Hi,

I am trying to limit the step size of an optimization variable between optimization steps for a nonlinear constrained optimization problem using JuMP and Ipopt.

In case this goal or the motivation behind it is unclear, here is some background information to clarify: I’m trying to solve for currents I1, I2, …, I18 that minimize their squared sum under certain constraints, in order to minimize power consumption for a medical imaging modality. However, I can’t allow for these currents to change too drastically within a fixed amount of time, as this results in excess heat which can damage human tissue. As such, I need to limit the slew rate, i.e., the change in current per second, which equates to limiting the step size of my optimization variables.

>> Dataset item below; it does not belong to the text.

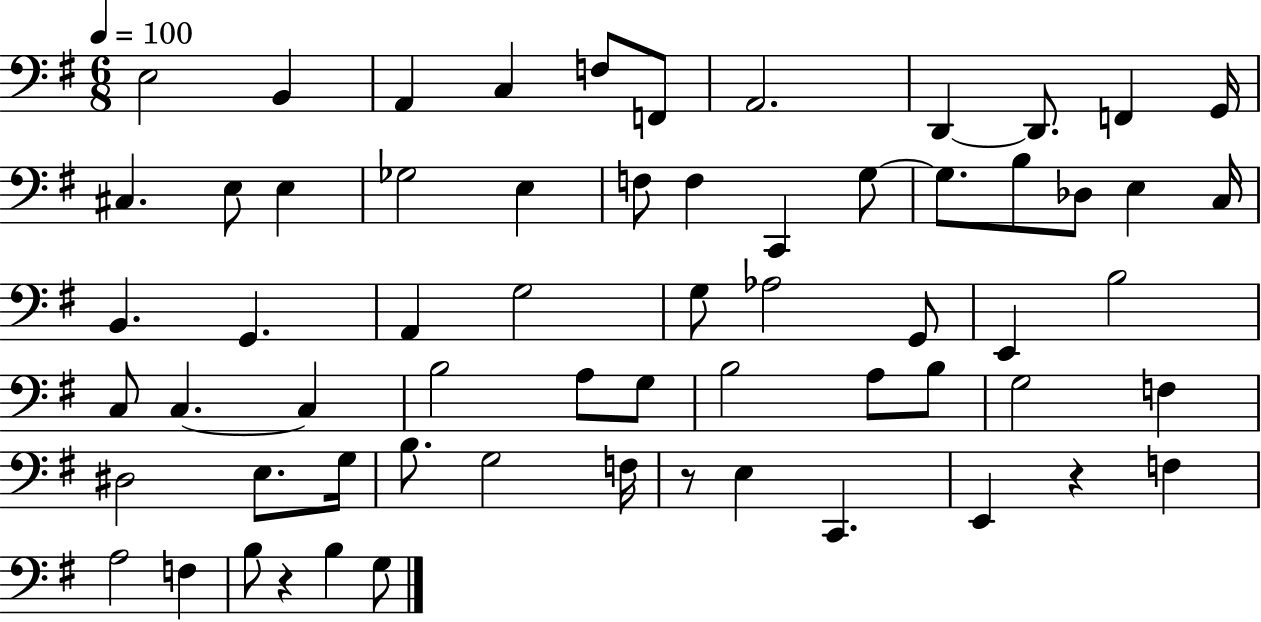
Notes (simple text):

Somehow, I haven’t found any solution for this issue. Ideally, what I would like to do most is simply set an attribute of my optimizer for the step size as follows:

```
using JuMP, Ipopt
optimizer = Model(Ipopt.Optimizer)
set_attribute(optimizer, "max_step_size", 0.1)
```

However, I can’t find such an option in the list of Ipopt options.

Another approach could involve defining my optimization variables as time-series variables and adding a constraint on the difference between any two successive values. However, what I’m dealing with is categorically not a time-series optimization problem. I am not trying to optimize the trajectory of my currents, only their minimal squared sum under the given constraints.

A final approach which seemed feasible involves using a global variable defining the previous values of each optimization variable and applying a constraint on the differences between these values and the latest values. The global variable for previous values could be iteratively updated during each optimization step via a callback. However, I neither found a way to access the values of my optimization variables through Ipopt callbacks, nor do I find this approach particularly promising, since the optimizer doesn’t have prior information regarding this constraint, effectively making the size of each optimization step a shot in the dark.

I would appreciate any relevant references I may have missed or help of any kind.